We’ve told you about it before, and we’ll tell you about it again. Home gyms are a big trend, and they really aren’t going anywhere. Women, and men, are building up their at-home gyms. We even predicted it as a trend at the turn of the new year. Even Aldi and Kmart are jumping on board.

We’ve also disproven the myths around women lifting weights (no, you won’t look like The Rock), and men lifting weights — if you’re aiming for hypertrophy, go for moderate weights.

So now that you’re all set on both weights and on home-gyms, it’s time to combine the two. It’s time to scrounge around your living quarters and find what everyday household items you can use to lift weights. Don’t forget to check the garage, too!

Household Weight #1: Cartons

Whether it’s a carton of milk, or an old bottle of water (they really do come in massive sizes), these are great options because the handle is right there for you. Perfect for gripping and weight lifting.

Make sure to finish whatever inside the bottle (don’t want to spoil something you’ve paid for) and fill it with water. If you don’t like the sloshing, you can always pack it full of dirt, rocks or sand.

Household Weight #2: Laundry Detergent

Another big old bottle that you (definitely should) have lying around the house. These are a great op for kettlebells. And, like cartons, they usually got handles. Do a kettlebell swing, any variation of squats, Russian twists and more.
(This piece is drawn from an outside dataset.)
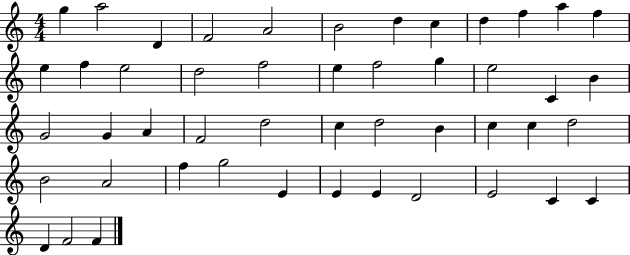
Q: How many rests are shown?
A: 0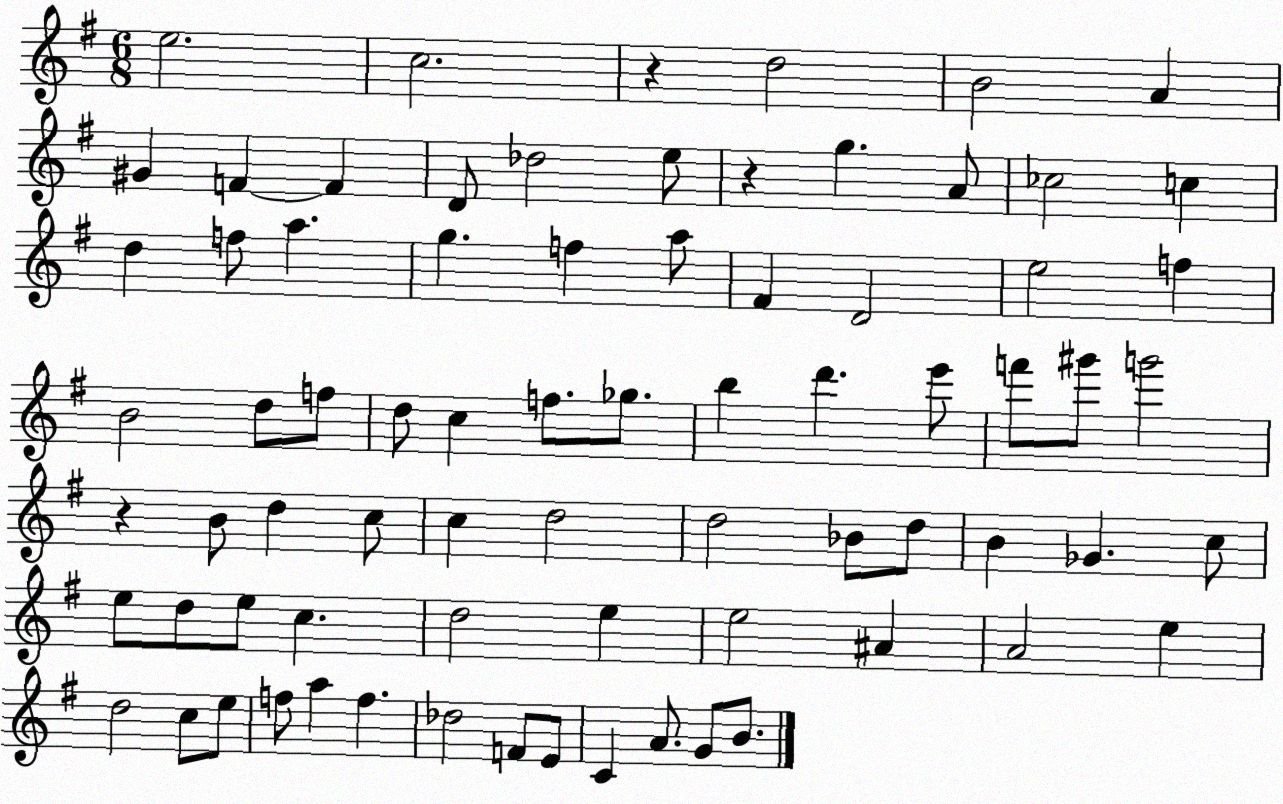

And, like cartons, you can fill them with other liquids once they run out — or, dirt, rocks or sand.

Household Weight #3: A Backpack

Remember how heavy it felt to lug a backpack of books around as a kid? Honestly, sometimes it felt like we’d tip backwards from the force of all that weight.

Well, now you’re an adult, and hopefully a little bit stronger — so it’s time to bring the backpack back. Fill them up with (no, not dirt, rocks or sand) cans, or full bottles, or books to really go down memory lane. Lunges, pushups, squats — the list is endless.

Household Weight #4: Laundry Basket

Not an empty one, unless you’re super new to weights. If you’ve got a basket full of dirty laundry, or clean laundry you’re yet to put away, use that heavy weight as an option for deadlifting at home. Once again, the handles are helpful.

Household Weight #5: Pet

…food. Or an actual pet, if they’re docile enough. Maybe. But bags of pet food are often quite heavy, so are great for lifting heavier weights, or lugging around. Just make sure the bag is unopened, or very well sealed.

Side effect: your pet may interrupt your workout more than usual.

Household Weight #6: Paint Cans

Recently redecorated? Or planning to, but never got round to it? Well, it’s time to put those paint cans stashed away in your garage to good use. Another great option — yes, due to the handles — these are great for farmer carries, or even a single-arm overhead lift.

Household Weight #7: Your Own Body

It’s one we often forget, but yes, body weights are a thing and do affect your workout. As Kate Kraschnefski, the Australian Institute of Fitness‘s head of training, says “Bodyweight exercises can be utilised in a way to build muscle, absolutely!”

Or, if you’ve got an adorable toddler running round…well, they’re anywhere between nine to 15 kilograms. Might complain a little though.